▸ Required action: Once the line containing "One is based on your" is found in the entries below, restate it and each following line word for word, stopping after the line containing "Hello everyone, welcome".
[[ Task inputs, beginning ]]
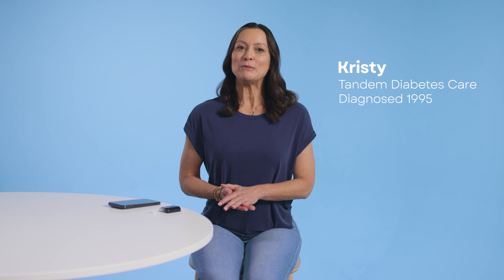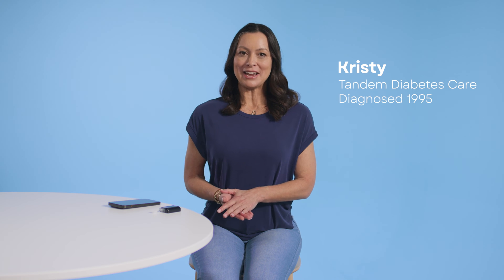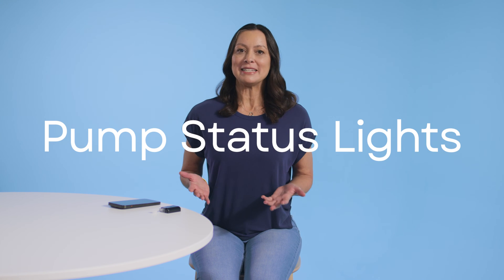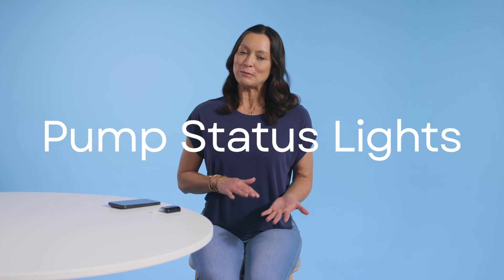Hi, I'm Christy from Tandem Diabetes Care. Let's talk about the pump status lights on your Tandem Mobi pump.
[[ Task inputs, end ]]
[[ Task inputs, beginning ]]
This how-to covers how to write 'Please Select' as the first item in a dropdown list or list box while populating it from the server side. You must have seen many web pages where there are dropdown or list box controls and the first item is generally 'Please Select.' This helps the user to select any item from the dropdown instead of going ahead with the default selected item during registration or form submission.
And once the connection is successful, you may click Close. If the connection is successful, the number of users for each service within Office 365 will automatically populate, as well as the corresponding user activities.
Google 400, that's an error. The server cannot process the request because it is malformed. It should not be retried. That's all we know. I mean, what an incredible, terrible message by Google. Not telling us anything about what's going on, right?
[[ Task inputs, end ]]
[[ Task inputs, beginning ]]
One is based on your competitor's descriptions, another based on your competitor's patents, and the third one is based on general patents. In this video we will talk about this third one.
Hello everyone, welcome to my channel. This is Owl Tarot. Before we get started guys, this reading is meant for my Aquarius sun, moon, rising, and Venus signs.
[[ Task inputs, end ]]
▸ Response area:
One is based on your competitor's descriptions, another based on your competitor's patents, and the third one is based on general patents. In this video we will talk about this third one.
Hello everyone, welcome to my channel. This is Owl Tarot. Before we get started guys, this reading is meant for my Aquarius sun, moon, rising, and Venus signs.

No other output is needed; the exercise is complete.